# BBQ Evening



## Andy Capp (Oct 5, 2008)

Anyone fancy one, sun mon or tues night (NOT this week!), If I recall there's a place in Jumeriah in Dubai mariune Club where you can basically cook your own - and there's a beer tap on the table too - used to be the Alamo.

Anyone up for it?

This is by special request btw!


----------



## Jynxgirl (Nov 27, 2009)

Well, if you are going on vacation the following week.. what week would that be exactly ? 

I am in... Could we not have the creeps come along? Maybe a secret handshake?


----------



## Andy Capp (Oct 5, 2008)

Jynxgirl said:


> Well, if you are going on vacation the following week.. what week would that be exactly ?
> 
> I am in... Could we not have the creeps come along? Maybe a secret handshake?

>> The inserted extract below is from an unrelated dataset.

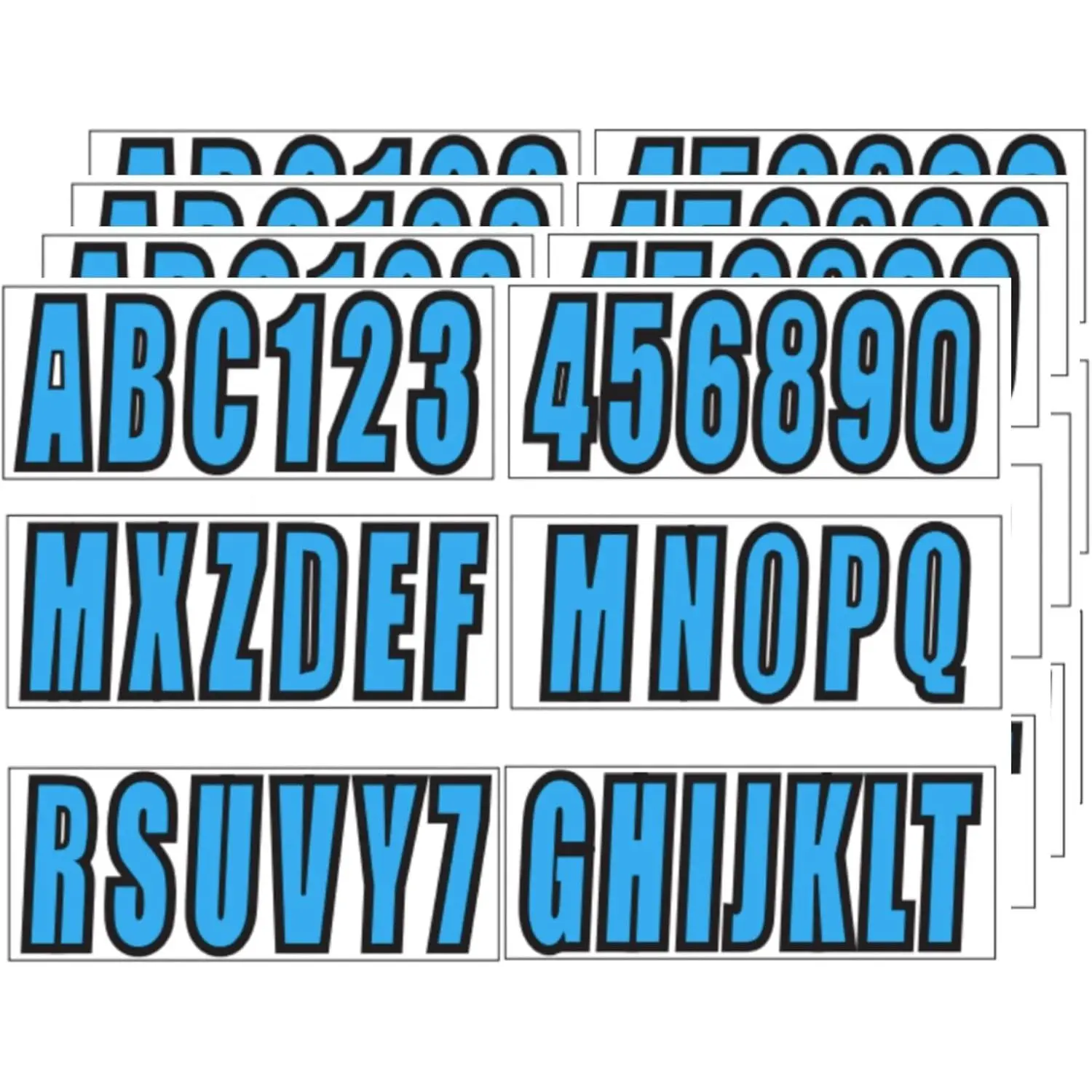 24 Sheets 3 Inch Boat Identification Stickers for Boat Engine Decor Blue Self Adhesive Vinyl Letters and Numbers Stickers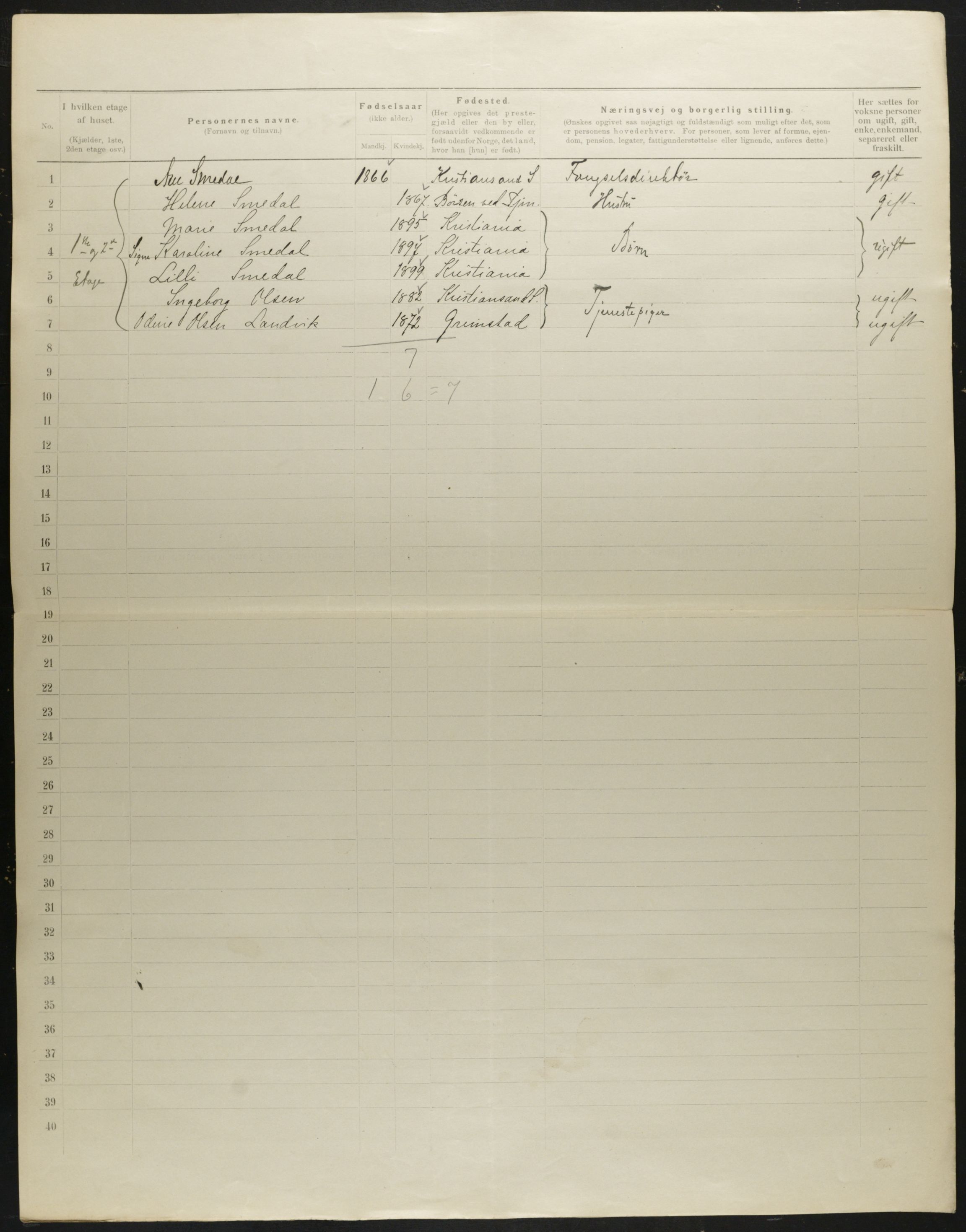 OBA, Municipal Census 1901 for Kristiania, 1901, p. 202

But this is open to all - even Americans! i couldn't possibly say no just cos they're creeps!


----------



## SBP (Jan 4, 2010)

Going on this site no one would turn up if that was the criteria!!


----------



## Jynxgirl (Nov 27, 2009)

So funny that you say that.. and you have that you are from puerto rico!


----------



## Andy Capp (Oct 5, 2008)

Jynxgirl said:


> So funny that you say that.. and you have that you are from puerto rico!


Don't believe everything you read on the internet hun!

I'm actually a girl called Tracey!


----------



## Jynxgirl (Nov 27, 2009)

I will keep that in mind Tracey...


----------



## Elphaba (Jan 24, 2008)

Andy Capp said:


> Don't believe everything you read on the internet hun!
> 
> I'm actually a girl called Tracey!



If only the truth was half as glamorous...


----------



## SBP (Jan 4, 2010)

That explains the intelligence levels!!


----------



## cautious_mover (Dec 9, 2009)

SBP said:


> That explains the intelligence levels!!


I will try to make it as I am new in town...what constitutes being a creep ?? Would one have to be in a cage, wearing a mankini and shouting random words and making beckoning hand gestures ? If so, I will leave the cage at home !


----------



## SBP (Jan 4, 2010)

cautious_mover said:


> I will try to make it as I am new in town...what constitutes being a creep ?? Would one have to be in a cage, wearing a mankini and shouting random words and making beckoning hand gestures ? If so, I will leave the cage at home !


Does that mean you will still wear the mankini , shout random words and do hand gestures?:tongue1:


----------